Fifty Shades of Grey has got to be the most misrepresented book I have ever read.

With the Fifty Shades of Grey movie being released in February, I have to reminisce on the Fifty Shades Trilogy. And my conclusion was? The Fifty Shades Trilogy has to be the most misrepresented book that I have ever read.

As I sat down and picked up the first book of the 3, I was expecting a raunchy, bad-ass story, because that’s what all the hype was about. But as I finished the last book I felt I had read a whiny, girly, pathetic and anti-climactic love story.

Then why did I read all 3 books you ask? I have no idea. After the first book I thought well, I better read the second book because that can’t be all there is to the story – something else has got to happen. After I read the second I thought well now I’ve read 2 out of 3, I had some compulsive need to finish what I had started. I was self-inflicting pain forcing my eyes to scan over those trivial words and sentences, in an effort to keep up with pop-culture. If you’re wondering whether to read it or not, know this now – nothing happens.

But well, I have to admit, there was obviously a market for this kind of story. The publishing company Random House sold more than 70 million editions globally between March and December 2012, which made it the quickest selling series in the company’s history. 70 million editions in in 10 months.

The protagonist, Anastasia Steele, has got to be the most frustratingly, weak, cringe-worthy and naïve student who meets a wealthy, misogynist CEO Christian Grey, who awakens her sexually by dominating her. And that’s about it. The rest of the storyline is completely trivial and ant-climatic.

Okay, let’s discuss the trivial, pathetic arguments between Christian and Ana, which start over Christian’s compulsive need to control.

In the first novel, when the two barely knew each other and after one sort of, kind of date, Ana calls Christian when she is at the pub with a few friends after they finished uni. She’s had a few drinks and hung up on Christian. He started to worry about her, tracked her phone and took her home. He was pissed she drank too much. His smothering demeanour made me hate him instantly.
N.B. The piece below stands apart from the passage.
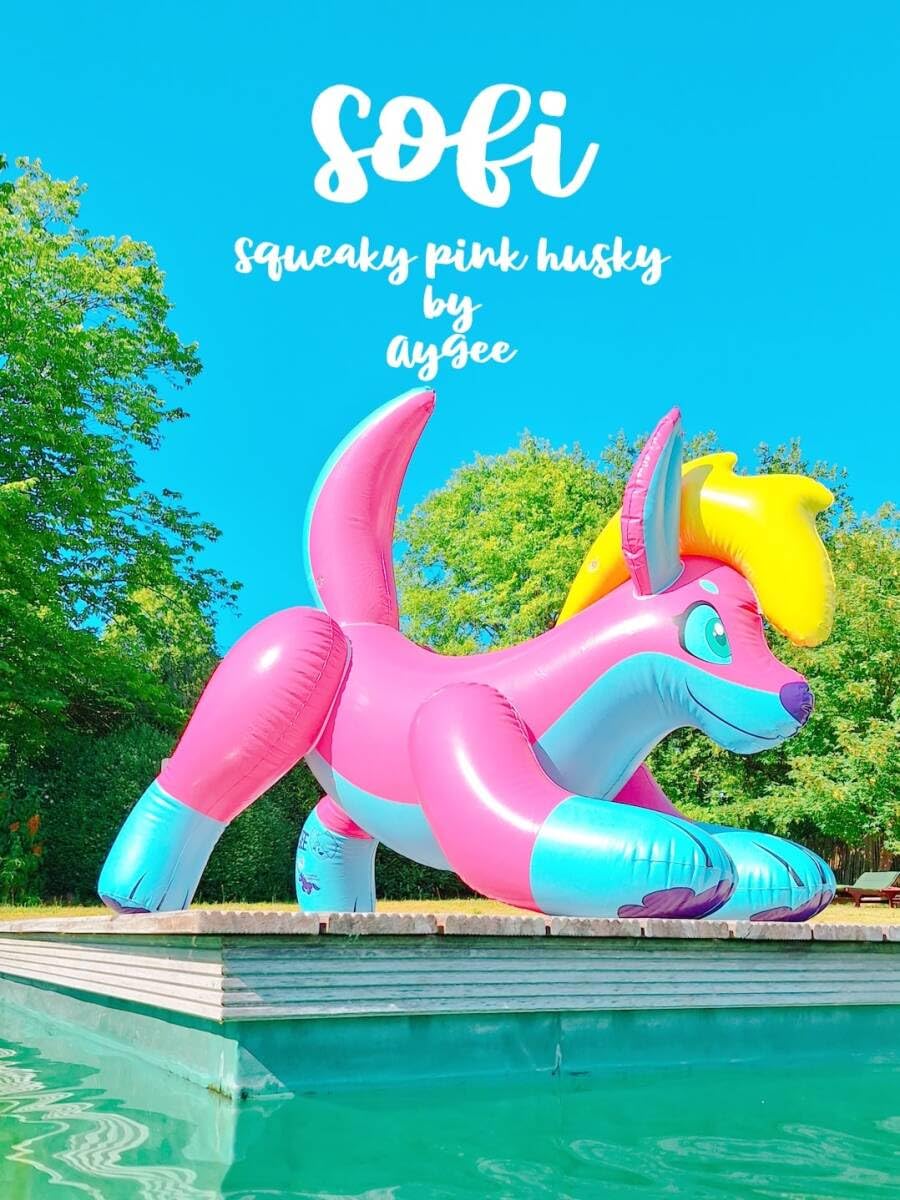 Amazon | Horseplay社製 ピンクハスキー 空気ビニール風船 空ビ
In the book Fifty Shades Freed, Christian is out of town and Anastasia sneaks out to the pub to have a drink with her friend. In the meantime, her old boss Jack came to her work with the intention of kidnapping and assaulting Ana. Christian was absolutely furious at Ana for going out when he wanted her home. And this pathetic, trivial argument went on for pages and pages and even more fucking pages.

I have a real issue with dominant and controlling Christian was over Anastasia. This sort of relationship cannot seriously be accepted by any self-respecting, feminist woman. I think their relationship condones violence against women. The way that Christian wants to dominate Anastasia in the bedroom, with her time, money and who she sees only represents to me an unhealthy verbally and physically abusive man. She needs to compromise her personality and character to be with him which makes me lose all respect for her. She agrees to marry him and have his kids with the absurd notion that she can fix him. And Anastasia loved this.
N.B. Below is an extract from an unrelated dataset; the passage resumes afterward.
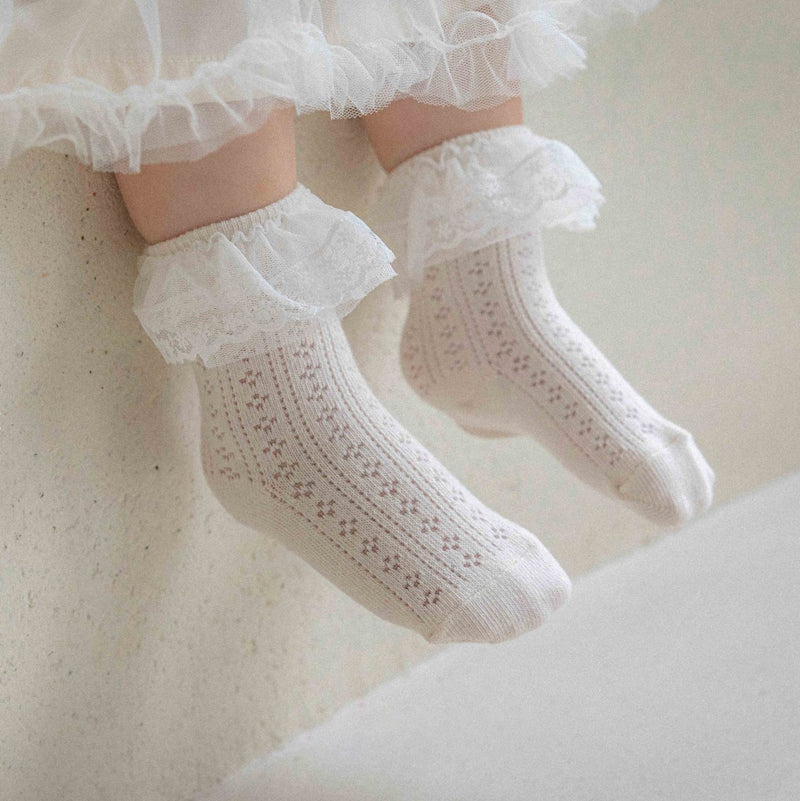 Lace Baby Socks 3 Colours Set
The repetition in this book made me so incredibly bored I had a compulsion to drill a hole through my brain. From the first book Fifty Shades of Grey:

‘You’re biting that lip, Anastasia. You know the effect it has on me…’

‘I bite my bottom lip…’

‘deliberately I gently bite my bottom lip…’

‘I realise I’m biting my lip…’

‘I bite my lip in anticipation…’

‘I bite my lip and stare down at my hands again…’

‘I try to bite my lip…’

‘“I’d like to bite that lip,” he whispers darkly…’

‘I am chewing my bottom lip…’

Is that enough to prove my point? That’s definitely not all of the lip references and that’s just from the first book. This brain-dead lip obsession carries on throughout the entire series, and reading this made me want to smash my head against a wooden board.

I am curious how this frustrating storyline will translate to a film, with this dysfunctional relationship glaring us in the face.

So overall, I guess I’d recommend this book to women who want to submit and understand why someone would want to be dominated by a man. It’s for the type of woman who wants to be silenced from a man, who makes all their decisions for her. This book is ideal for women who fall in love with trivial, unhealthy relationships and love to argue with men over petty issues.

I’d give this book a measly 1 out of 5 stars.